La democracia es la necesidad de doblegarse de vez en cuando a las opiniones de los demás (W. Churchill)

La ley se ha cumplido, ganamos todos

Hay motivos para felicitarse por el modo en el que están transcurriendo las manifestaciones conmemorativas del 15 M y por la fórmula que se ha escogido para que se cumpla la ley. Los participantes en las concentraciones que se están produciendo estos días tienen todo el derecho de salir a la calle para expresar su malestar y su indignación sobre el modo en el que se está resolviendo la crisis y sobre la salud de nuestro sistema democrático. Es lógico que los problemas de la banca, el exceso de codicia de los años pasados y los ajustes causen malestar. Otra cosa diferente es que ese malestar se expresa con una fuerte carga ideológica, sin el realismo necesario y en unos términos utópicos que algunas veces aumentan cierto clima de violencia.

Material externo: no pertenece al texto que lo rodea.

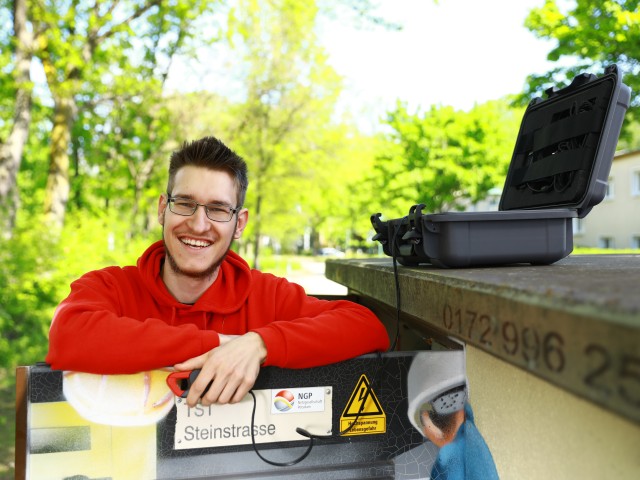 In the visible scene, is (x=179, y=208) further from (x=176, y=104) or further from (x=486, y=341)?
(x=176, y=104)

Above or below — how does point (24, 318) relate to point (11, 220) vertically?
below

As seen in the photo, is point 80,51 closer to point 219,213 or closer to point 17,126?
point 17,126

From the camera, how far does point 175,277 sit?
2.38 meters

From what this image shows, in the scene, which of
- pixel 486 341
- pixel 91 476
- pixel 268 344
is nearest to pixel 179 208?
pixel 268 344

El malestar, expresado de ese modo, es fácilmente manipulable por los que en su momento no hicieron las reformas necesarias y ahora están en la oposición. Es el tiempo de la responsabilidad más que el tiempo de la queja. En cualquier caso la expresión pública y colectiva de las ideas, de forma pacífica, siempre es una riqueza para la democracia. Lo que no es conforme a derecho es que una pequeña minoría pretenda ocupar la plaza pública. La actuación policial, prudente, hábil y contenida, ha sabido en este caso hacer cumplir la ley sin recurrir a un uso de la fuerza que hubiera sido contraproducente.